We stayed at the Downtown Grand, which was lovely, except that nothing in Vegas is the quoted price. They hit us with significant extra fees before allowing us into our prepaid-online rooms.
Restaurants are expensive, with a mixed-drink around $14. We really liked the Triple George, where we ate and relaxed out on the sidewalk several nights.
Culture shock continued as we ventured beyond the casino-filled lobby and our hotel block. Apparently Vegas laws don't require clothing. At least, not on Freemont Street.
The Downtown pedestrian area was an overwhelming sample of "Sin City," full of lights, casinos, restaurants, and ... strange folk. An overhead light show plays every night, punctuated by screaming zipliners.

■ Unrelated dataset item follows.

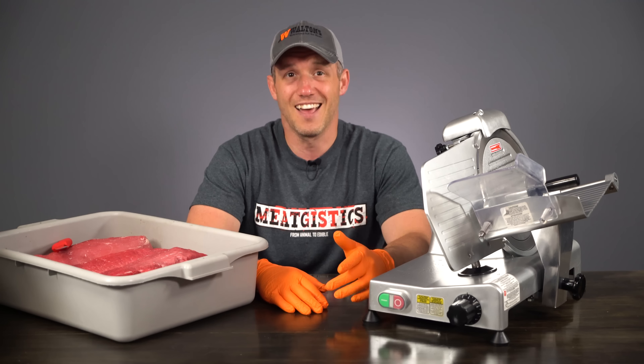Now if we want after that, we can cut it up into strips to give it more of a classic jerky look before we tumble it. If you don't have a slicer, this precise slice adjustable knife from Victorinox works well, but it's going to take a little bit longer. Or you can use the Westin jerky slicing knife and board kit.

"Downtown" is the original heart of Vegas, whereas "the Strip" is the newer area filled with mega-hotel-casinos like the Luxor and Ceasar's Palace. We walked all around Downtown, visiting the Gold & Silver Pawn Shop where the reality show Pawn Stars is filmed.
We took a bus tour to the Hoover Dam. Our driver told us how the mafia started Vegas. As law enforcement cracked down and things got too hot for the mob in Chicago and New York, they moved to this desert area where gambling and prostitution were legal. There's a Mob Museum Downtown, but I didn't visit it.
The dam and newer bridge were very similar to the one I visited last year at Glen Canyon.